Cold War
film di Pawel Pawlikowski
con Joanna Kulig, Tomasz Kot, Borys Szyc, Agata Kulesza, Cédric Kahn, Jeanne Balibar.
Polonia, 2018, 85 min.
Nella Polonia alle soglie degli anni Cinquanta, la giovanissima Zula viene scelta per far parte di una compagnia di danze e canti popolari. Tra lei e Wiktor, il direttore del coro, nasce un grande amore, ma nel ’52, nel corso di un’esibizione nella Berlino orientale, lui sconfina e lei non ha il coraggio di seguirlo. S’incontreranno di nuovo, nella Parigi della scena artistica, diversamente accompagnati, ancora innamorati. Ma stare insieme è impossibile, perché la loro felicità è perennemente ostacolata da una barriera di qualche tipo, politica o psicologica.
Premiato per la regia a Cannes 2018 e trionfatore agli EFA, gli Oscar europei, con 5 statuette per miglior film, regia, montaggio, sceneggiatura e attrice, Cold War è uno straordinario melodramma al di qua e al di là della cortina di ferro, raccontato per frammenti, balzando in avanti negli anni tra una dissolvenza in nero e un’altra.
Dove, come, quando?
Martedì 23 luglio
Ore 22.00
Nel cortile del Museo di piazza Ottinetti
In caso di maltempo: presso Oratorio San Giuseppe
Costo biglietti:
Intero: 6€
Ridotto: 5€*
*La riduzione si applica ai minori di 25 anni, ai soci dell’associazione RosseTorri e a tutti coloro che si presenteranno con il biglietto d’ingresso del Museo Civico Garda.

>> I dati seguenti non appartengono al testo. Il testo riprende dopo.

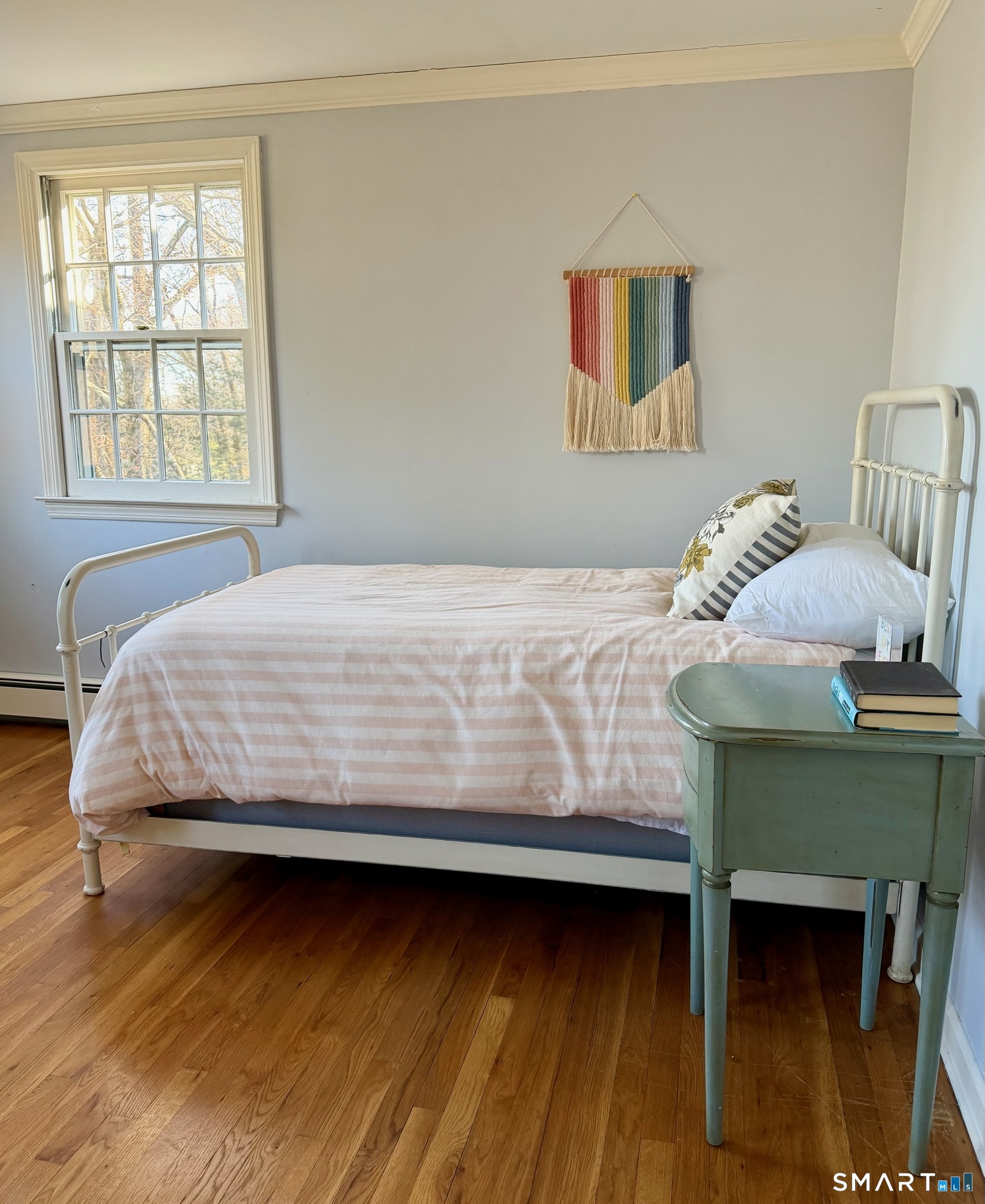 25 Deacons Lane Wilton, CT 06897 - Photo 23 of 37 a bedroom with a bed and a window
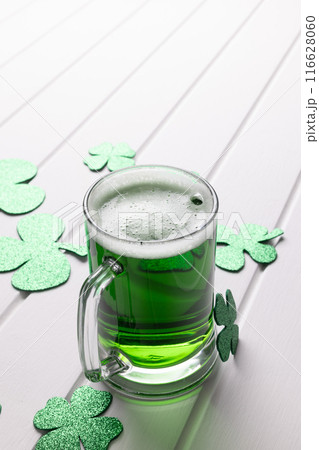 Image of glass with green beer, clover and copy space on white wooden background 116628060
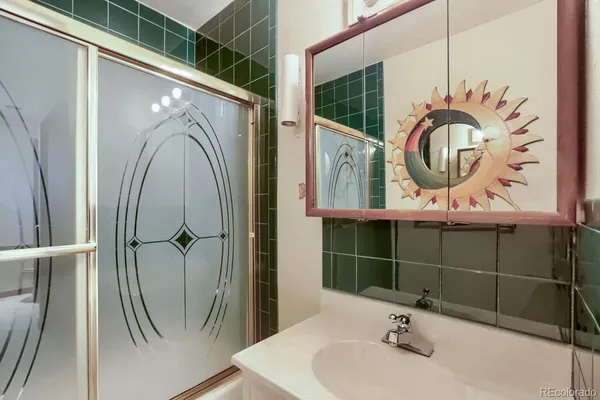 a bathroom with a sink a mirror and shower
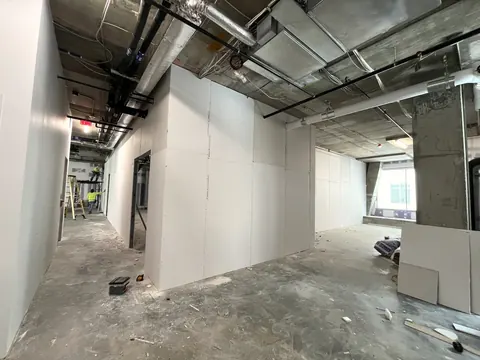 Fresh drywall partitions along a corridor.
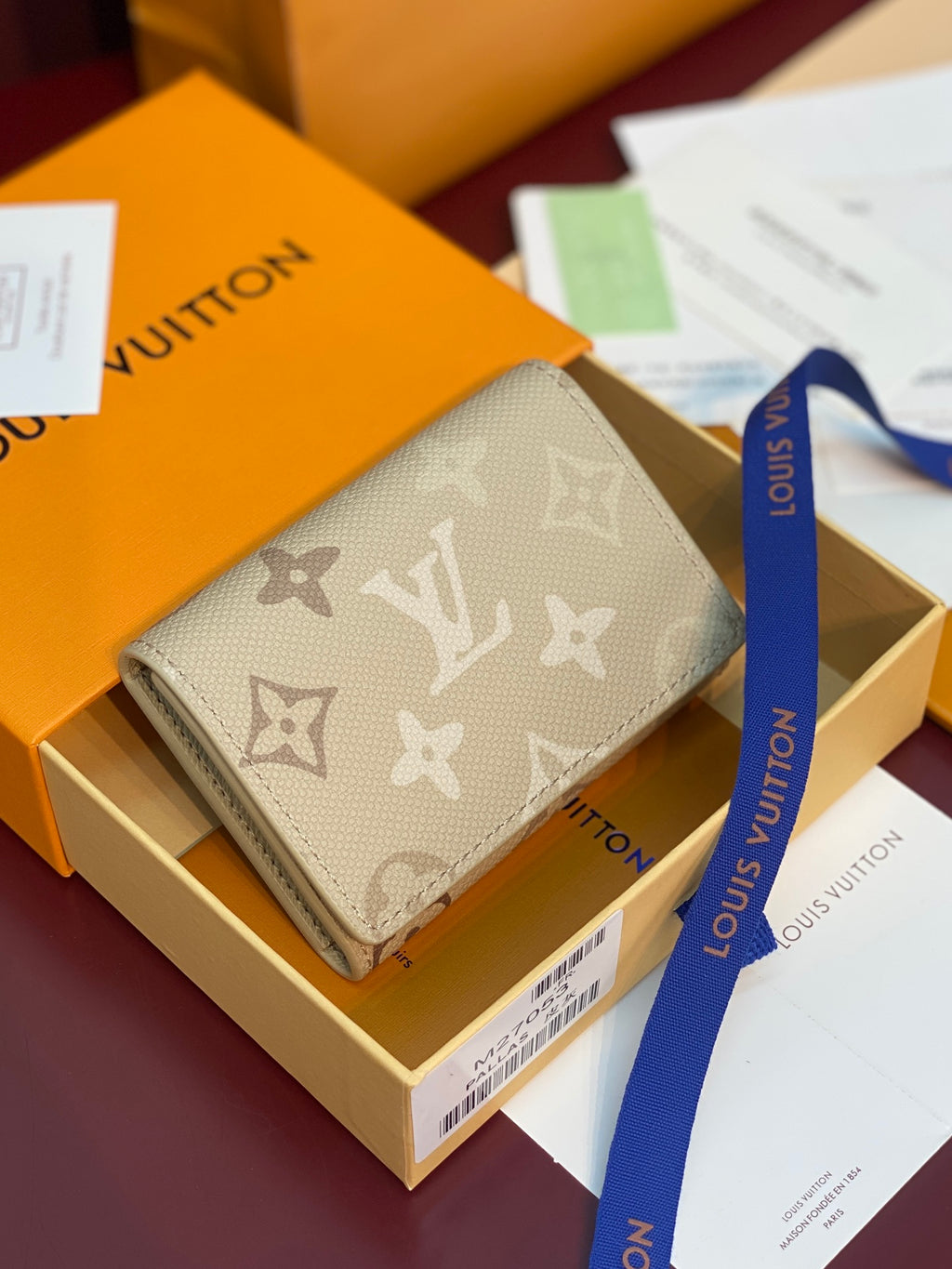 Louis Vuitton monogram wallet, light beige canvas with flap and gold button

Le riduzioni non sono cumulabili.
Cosa ne pensano gli altri?
Dal suggestivo e trascinante folk tradizionale si arriva alle contaminazioni jazz parigine di fine anni ’50, e lo sviluppo dei due personaggi (interpretati con una classe rara, e Joanna Kulig – già vista in Ida – farà parlare di sé) è inscritto nei cambiamenti emotivi che un mutamento così repentino e cruciale di quell’epoca portava con sé.
Forma e racconto si amalgamano per un’operazione che vagamente potrebbe ricordare il Frantz di Ozon, anche se qui l’asticella si alza in favore di una portata romantica maggiore: basti pensare alla dedica finale di Pawlikowski, “ai miei genitori”, che con i due protagonisti condividono il nome di battesimo (Wiktor e Zula) e gran parte di una storia d’amore travagliata: “Erano entrambi due persone forti e meravigliose, ma come coppia un infinito disastro”, ha detto lo stesso regista.
Che in Cold War – premiato per la regia a Cannes 2018 e trionfatore agli EFA, gli Oscar europei, con 5 statuette per miglior film, regia, montaggio, sceneggiatura e attrice – li riporta in vita (sono entrambi morti nel 1989, poco prima che venisse abbattuto il Muro di Berlino) per farli tornare a suonare, cantare e danzare quell’amore così travolgente e impossibile, tra la natia Polonia, la Berlino divisa, la Jugoslavia e la Parigi bohémien dove ogni cosa sembrava possibile, ma la purezza del primo incontro sembrava perduta.
E allora meglio rimettere in discussione ogni cosa, ogni occasione di soddisfazione artistica e personale, e riassaporare la nostalgia di quella chiesetta diroccata nel fango. Per poi osservare l’orizzonte da una panchina. E spostarsi di nuovo: “Andiamo dall’altra parte, la vista è migliore da lì”.